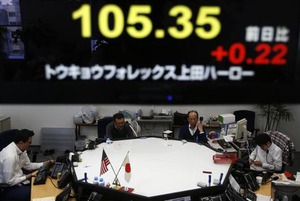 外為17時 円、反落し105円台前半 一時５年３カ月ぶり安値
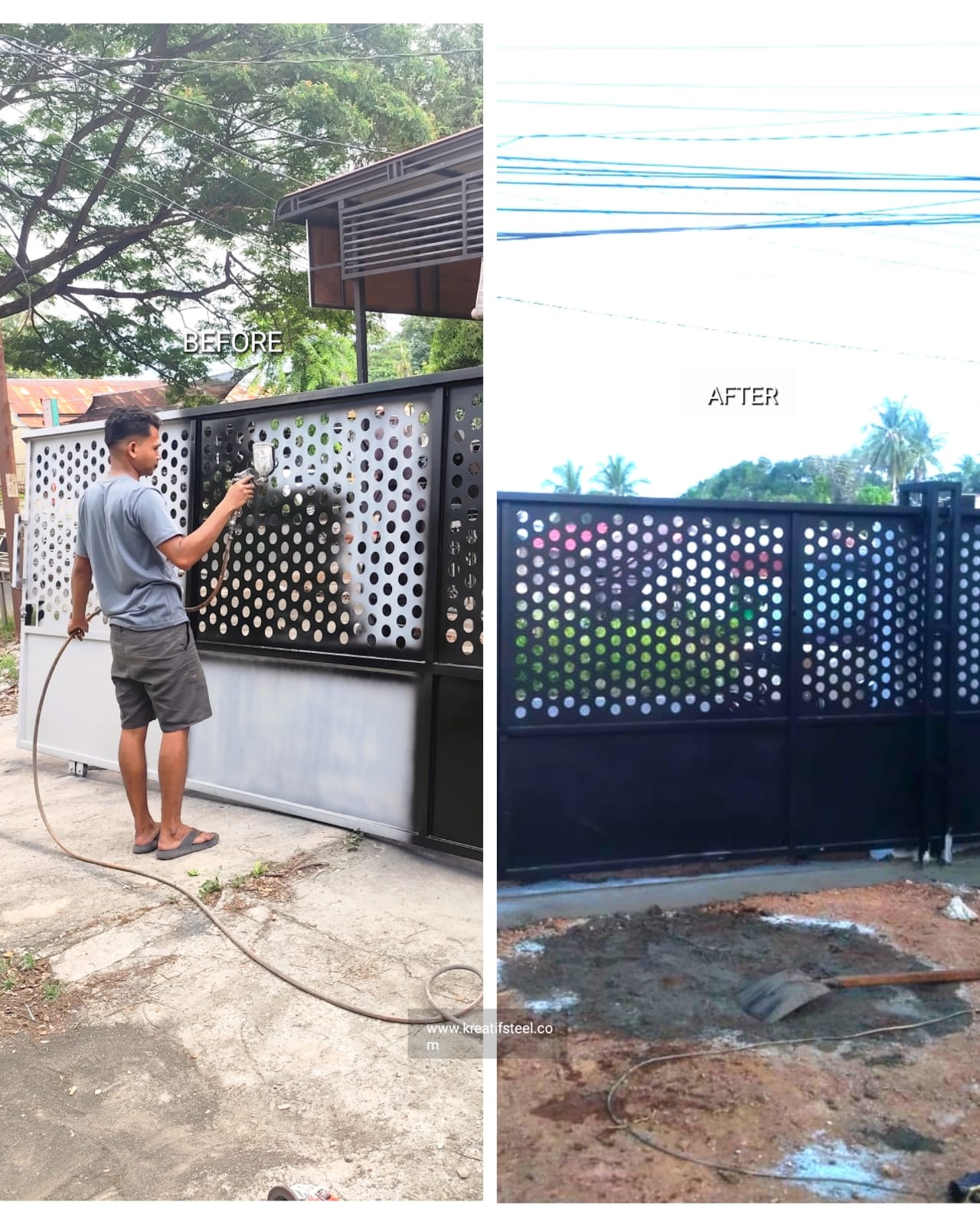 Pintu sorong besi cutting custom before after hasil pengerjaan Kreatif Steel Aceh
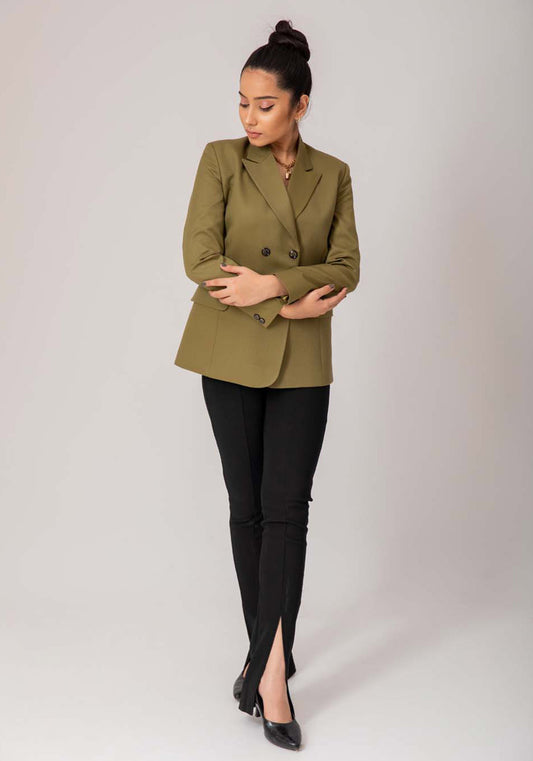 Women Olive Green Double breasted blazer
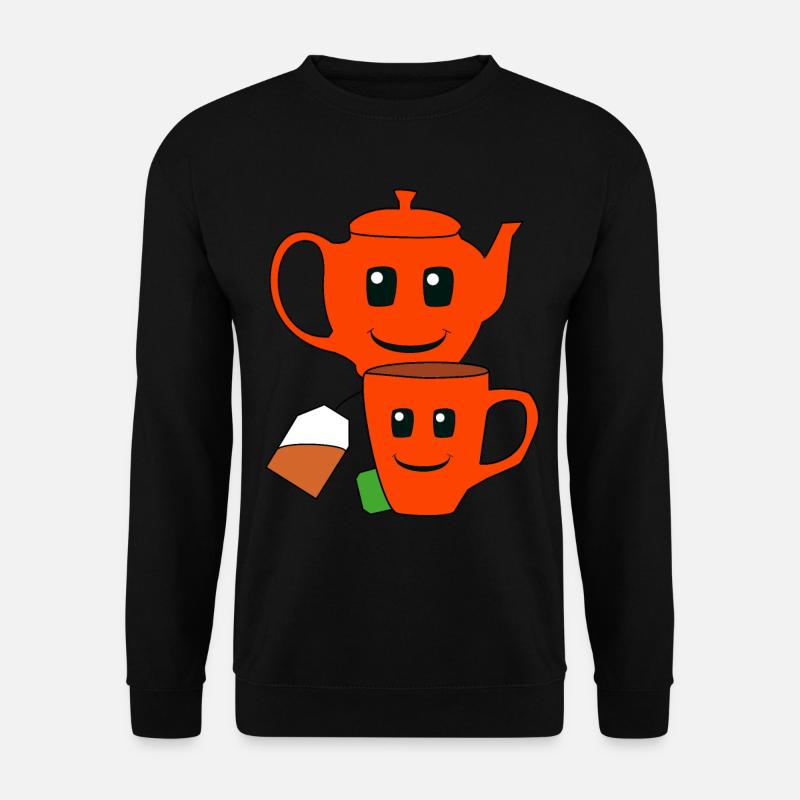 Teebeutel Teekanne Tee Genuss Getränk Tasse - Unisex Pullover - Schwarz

◇ ◇ ◇ ◇

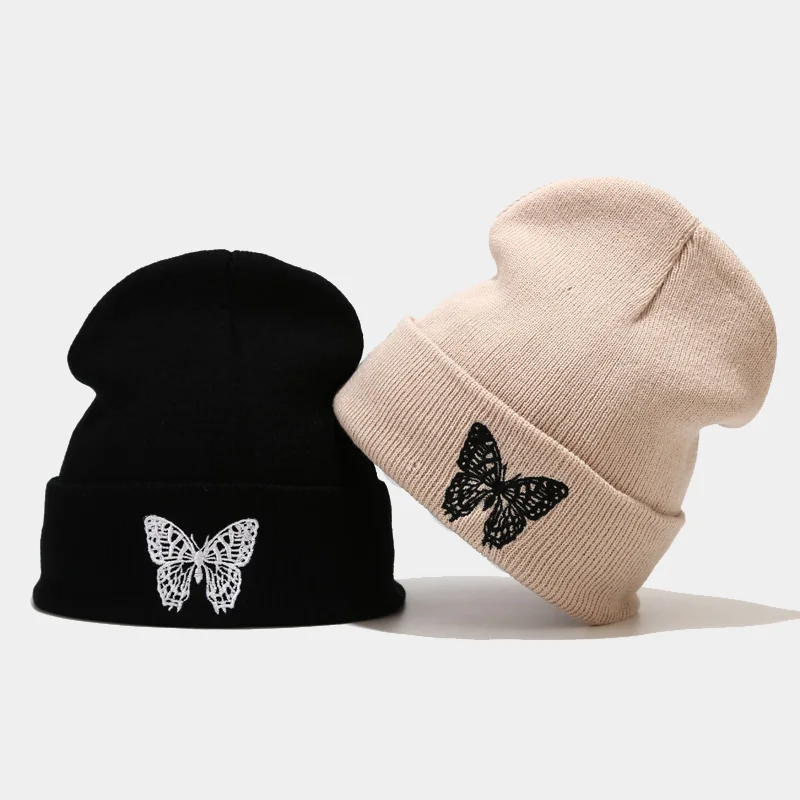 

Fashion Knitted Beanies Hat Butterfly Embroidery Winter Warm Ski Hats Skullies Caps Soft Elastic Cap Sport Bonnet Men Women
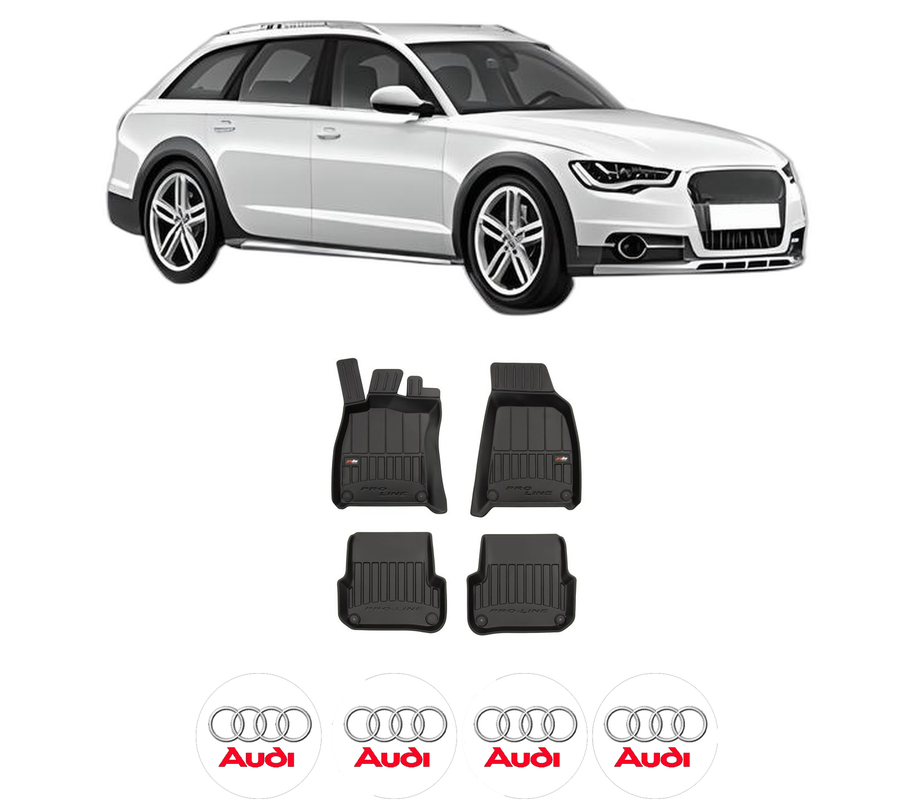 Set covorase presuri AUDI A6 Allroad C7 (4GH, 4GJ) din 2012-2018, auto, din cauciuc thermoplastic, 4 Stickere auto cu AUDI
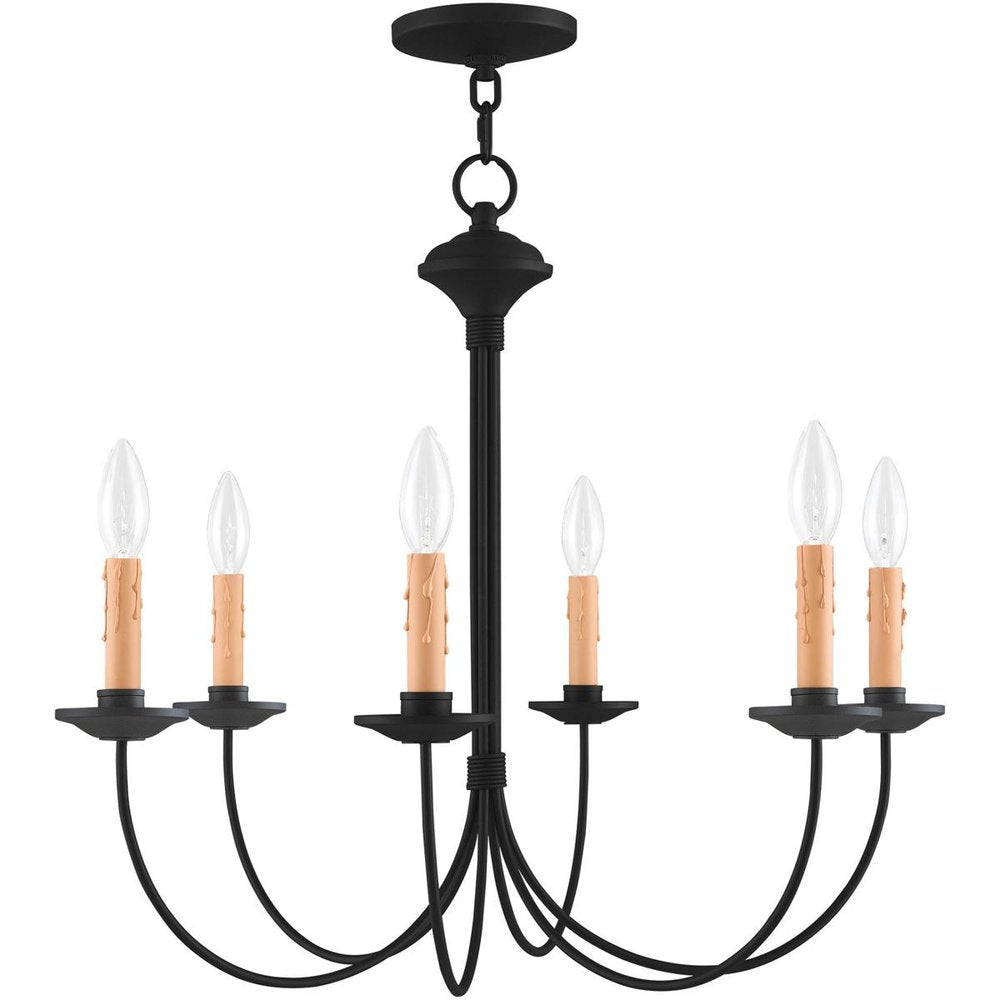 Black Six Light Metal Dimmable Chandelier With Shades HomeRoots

◇ ◇ ◇ ◇

*Work request*: Within the listing above, copy exactly the lines that start at the one with "Fashion Knitted Beanies" and continue through the one with "Black Six Light". Omit pictures.

*Solution for this exercise*:
Fashion Knitted Beanies Hat Butterfly Embroidery Winter Warm Ski Hats Skullies Caps Soft Elastic Cap Sport Bonnet Men Women
 Set covorase presuri AUDI A6 Allroad C7 (4GH, 4GJ) din 2012-2018, auto, din cauciuc thermoplastic, 4 Stickere auto cu AUDI
 Black Six Light Metal Dimmable Chandelier With Shades HomeRoots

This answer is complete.